◆ **TASK ITEM**
Reproduce word for word every line from the one containing "SPLOSH TUSCAN SUN MUG SET" to the final line of the data below; omit the pictures.

◆ **DATA PROVIDED**

..............................

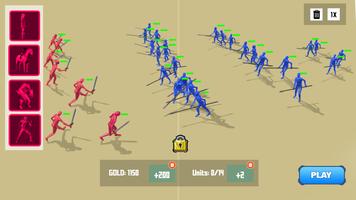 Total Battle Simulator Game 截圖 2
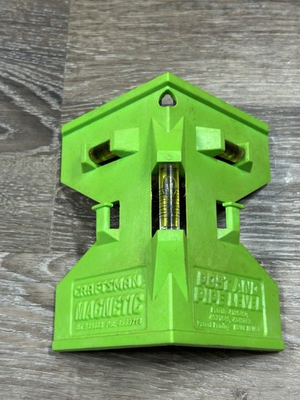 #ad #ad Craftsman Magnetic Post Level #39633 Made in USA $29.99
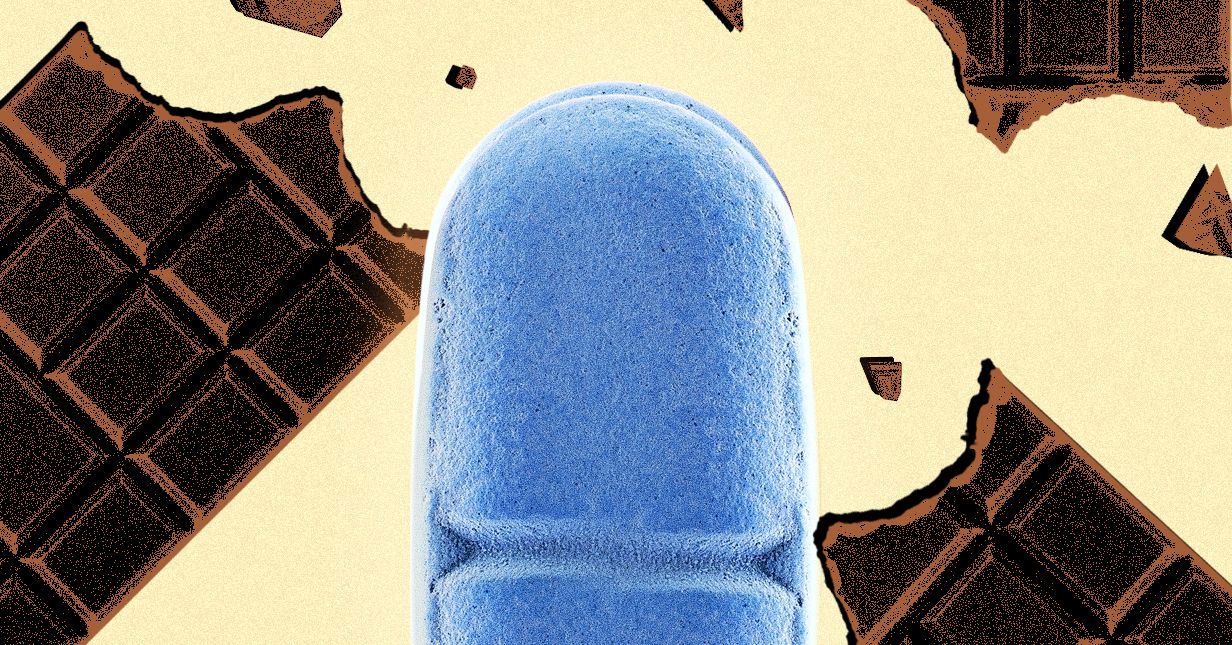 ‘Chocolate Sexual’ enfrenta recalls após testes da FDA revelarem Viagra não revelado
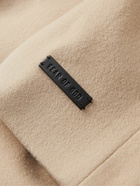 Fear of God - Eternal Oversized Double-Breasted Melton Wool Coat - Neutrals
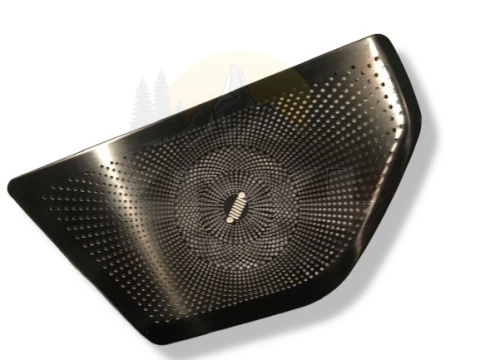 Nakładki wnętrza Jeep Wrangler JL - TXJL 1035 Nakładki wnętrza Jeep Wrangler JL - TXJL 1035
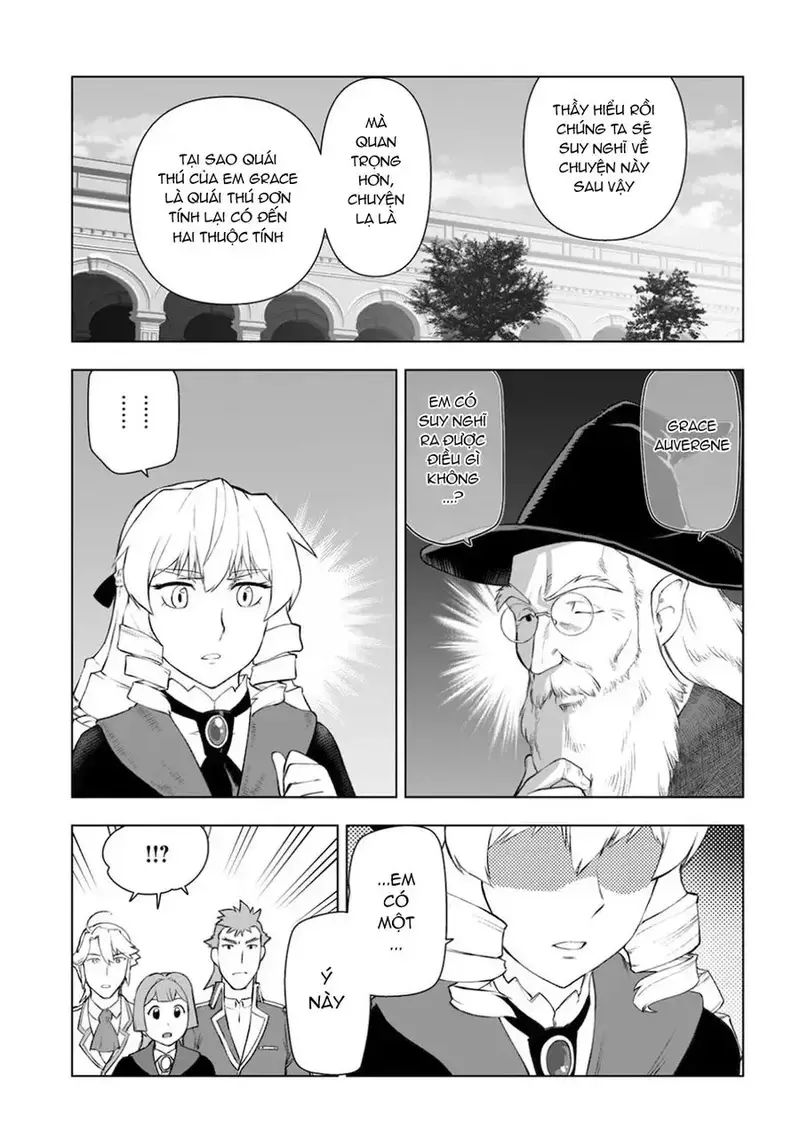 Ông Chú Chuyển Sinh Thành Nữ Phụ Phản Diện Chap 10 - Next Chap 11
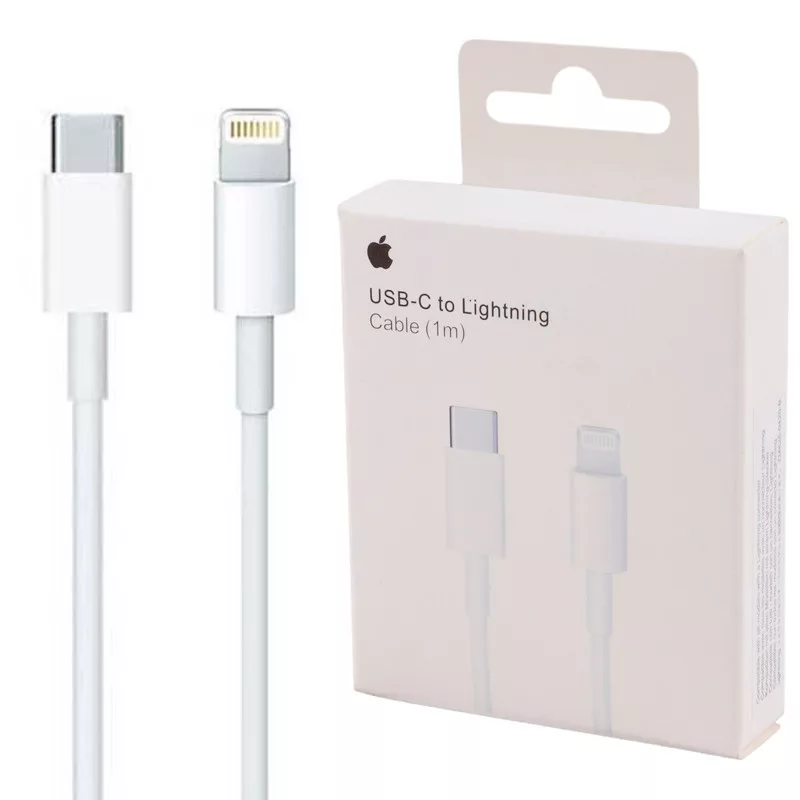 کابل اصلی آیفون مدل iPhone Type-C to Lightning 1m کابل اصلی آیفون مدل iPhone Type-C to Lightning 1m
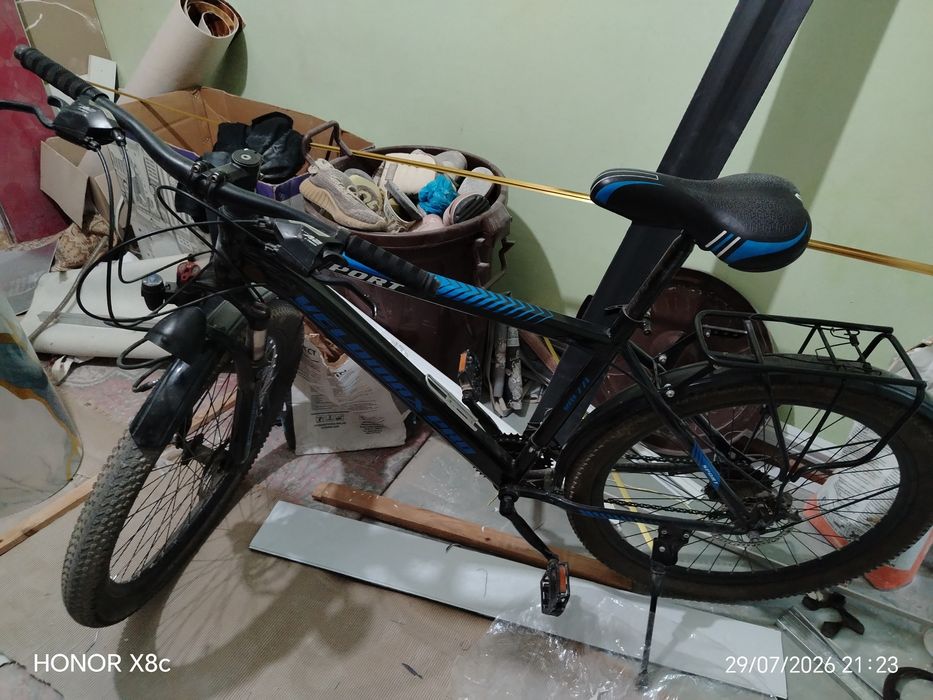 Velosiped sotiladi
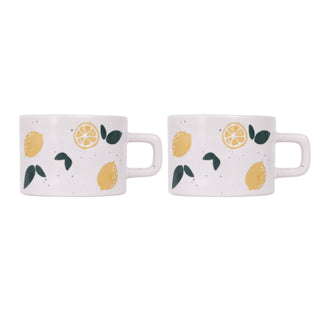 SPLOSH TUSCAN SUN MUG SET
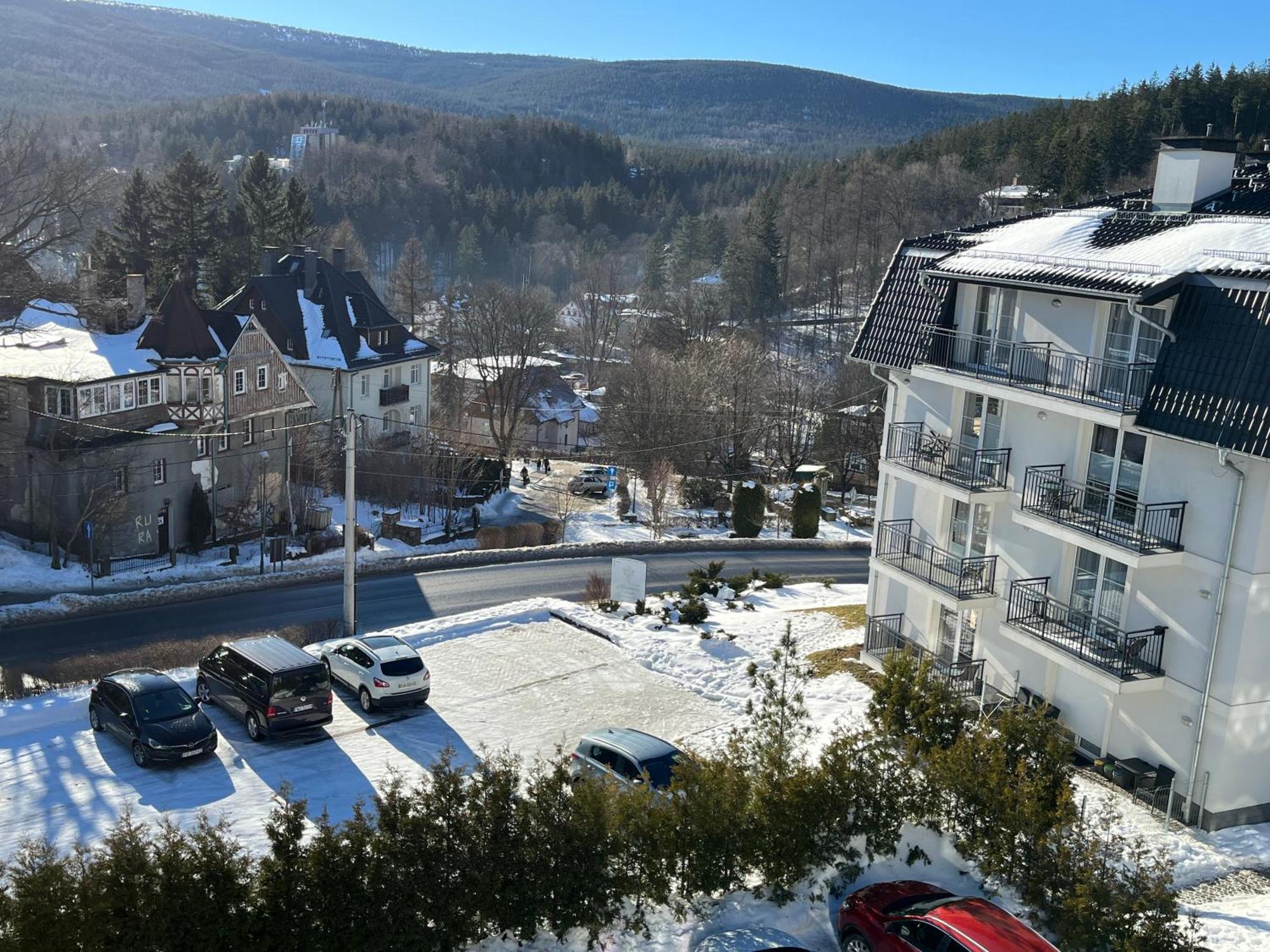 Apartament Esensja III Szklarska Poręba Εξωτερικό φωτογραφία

..............................

◆ **EXERCISE ANSWER**
 SPLOSH TUSCAN SUN MUG SET
 Apartament Esensja III Szklarska Poręba Εξωτερικό φωτογραφία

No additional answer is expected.